Exercise: Starting at the line that contains "Thumbnail 1 in" and stopping after the line that contains "2-комнатная квартира: Аша, улица", transcribe the listing below exactly; do not include any pictures.
========
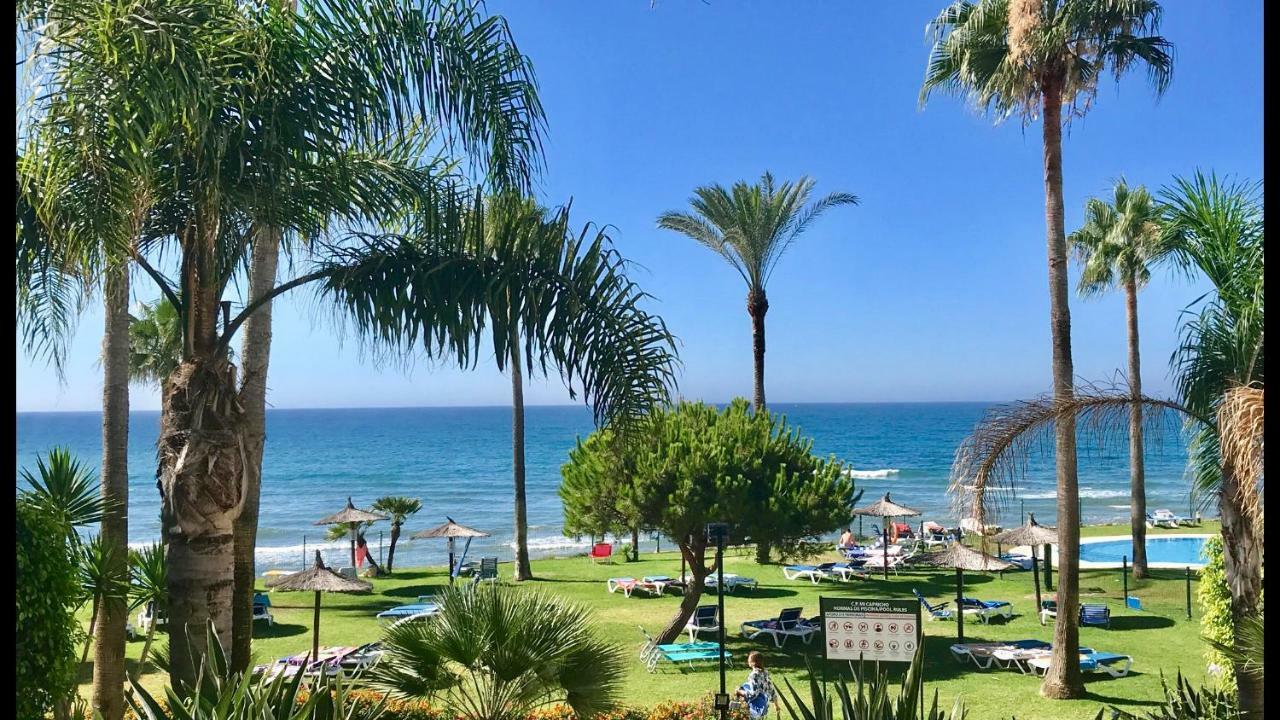 Apartment Mi Capricho B12 -luxury Beachfront Apartment- Costa Del Sol Sitio de Calahonda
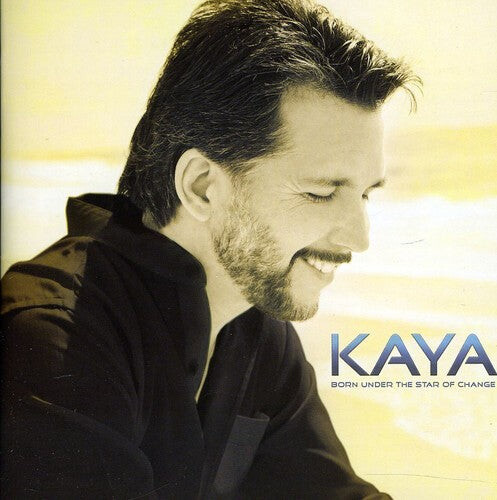 

CD диск Kaya: Born Under the Star of Change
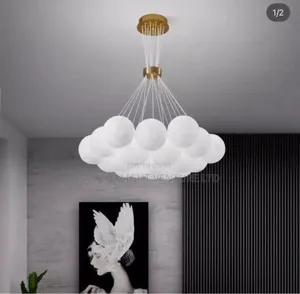 19bulb Dropping Pendant Light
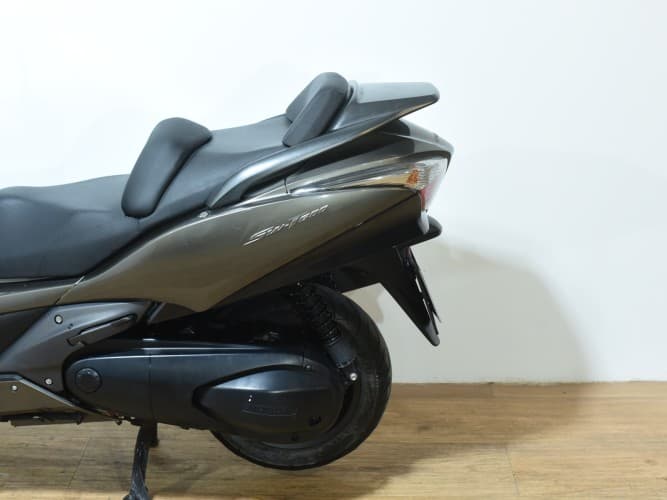 HONDA SILVER WING 600 2012 de segunda mano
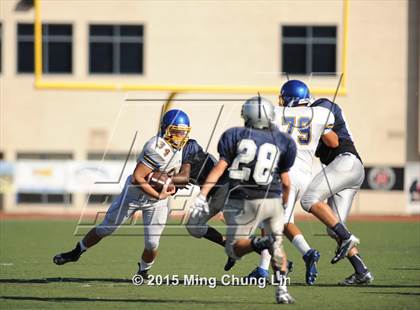 Thumbnail 1 in El Toro @ Trabuco Hills photogallery.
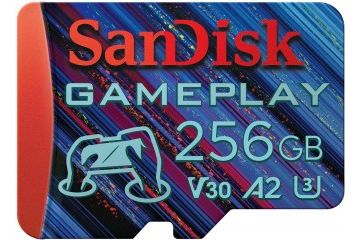 Spominske kartice SanDisk  SanDisk GamePlay...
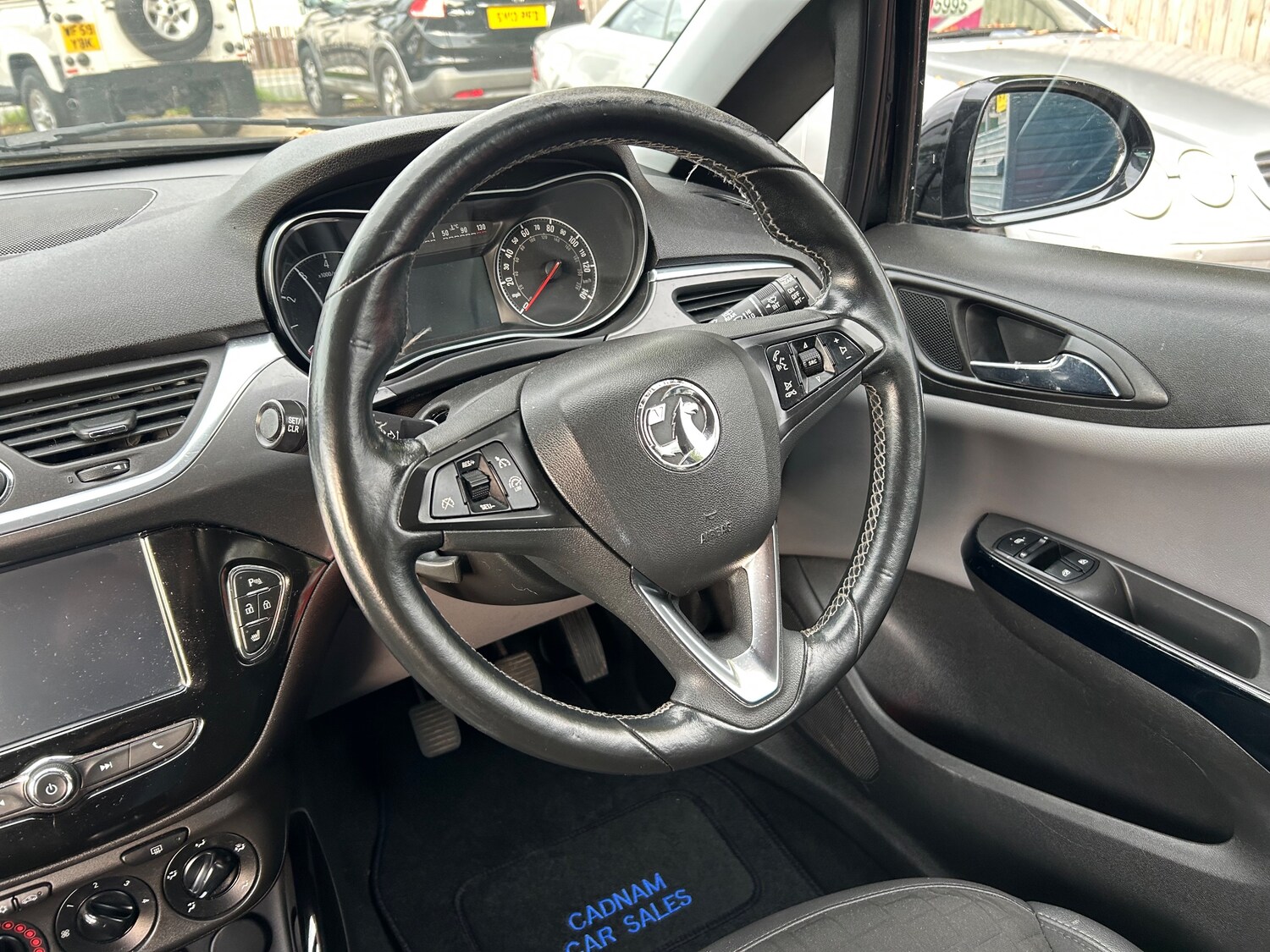 Used Vauxhall Corsa 2016 for sale - 76077142: Photo 23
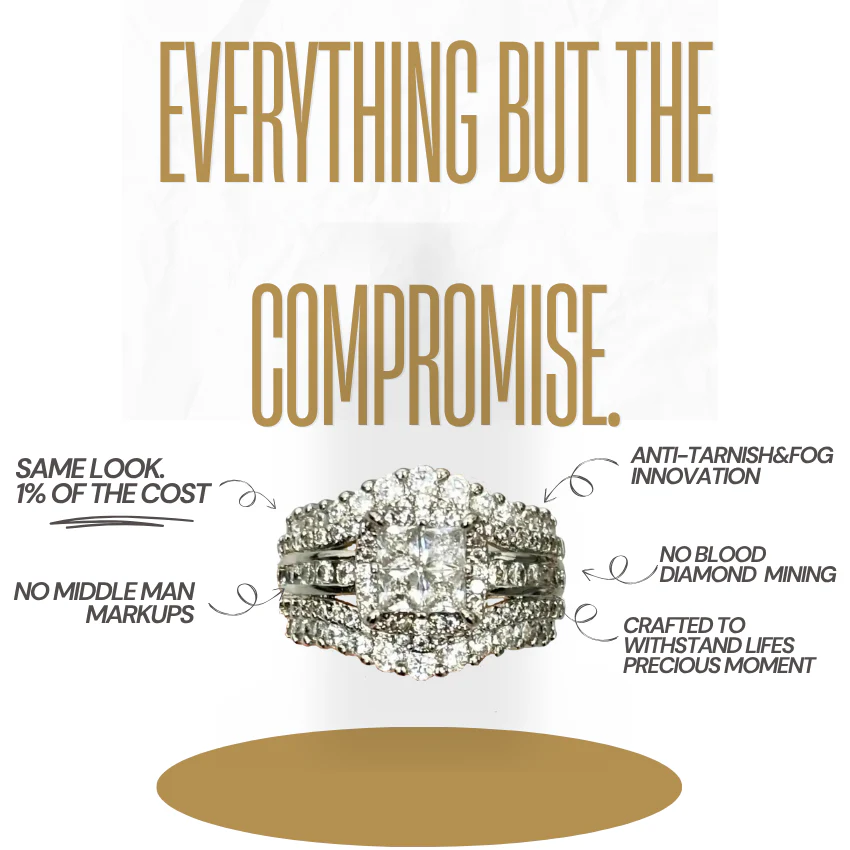 Princess Cut Set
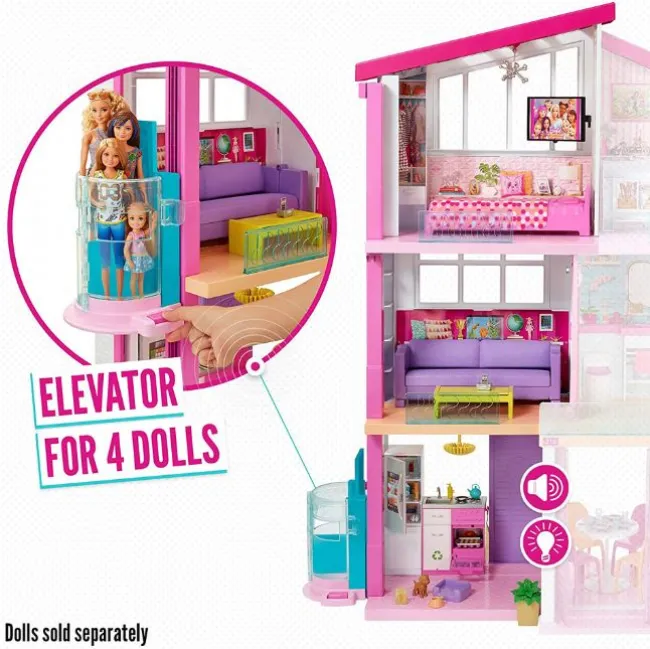 Barbie Ultimativ Drømmehus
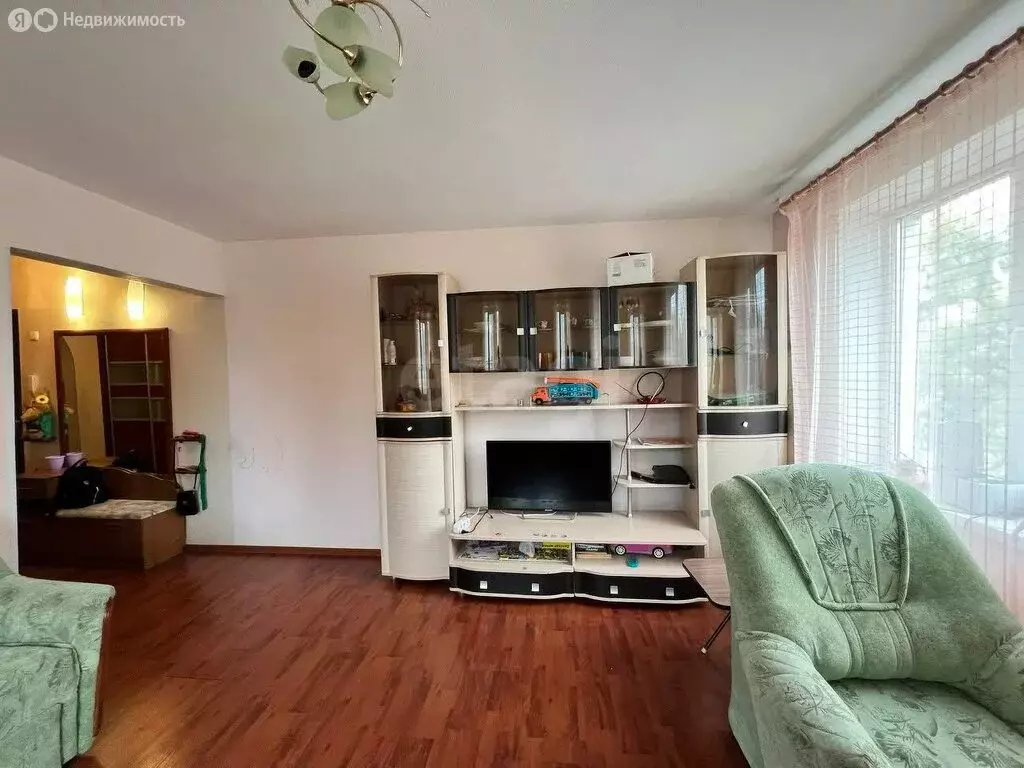 2-комнатная квартира: Аша, улица Озимина, 43 (50.7 м) - Фото 1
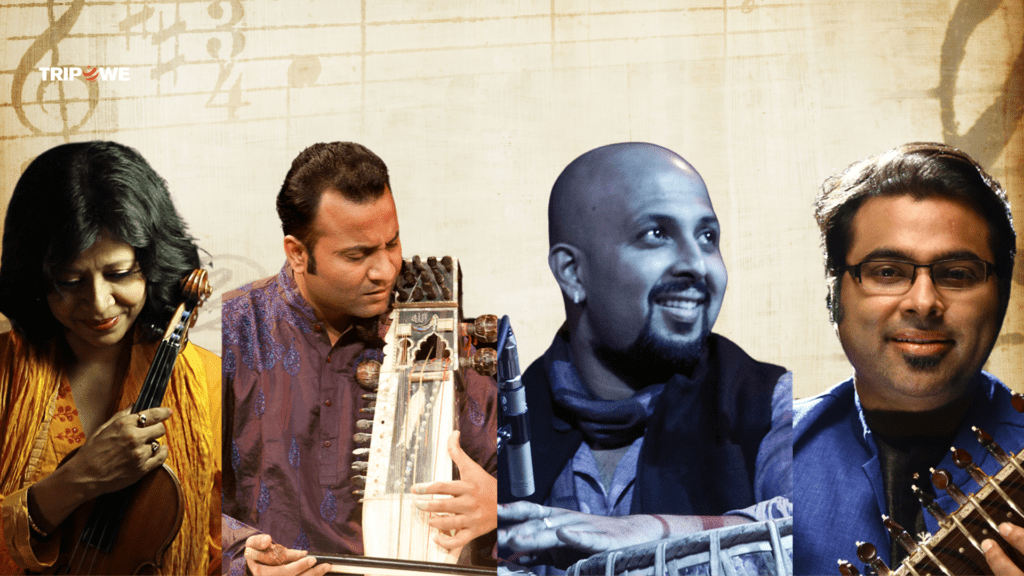 Upcoming Concert in Mumbai 2025 -Tripowe.com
========
Written solution:
 Thumbnail 1 in El Toro @ Trabuco Hills photogallery.
 Spominske kartice SanDisk  SanDisk GamePlay...
 Used Vauxhall Corsa 2016 for sale - 76077142: Photo 23
 Princess Cut Set
 Barbie Ultimativ Drømmehus
 2-комнатная квартира: Аша, улица Озимина, 43 (50.7 м) - Фото 1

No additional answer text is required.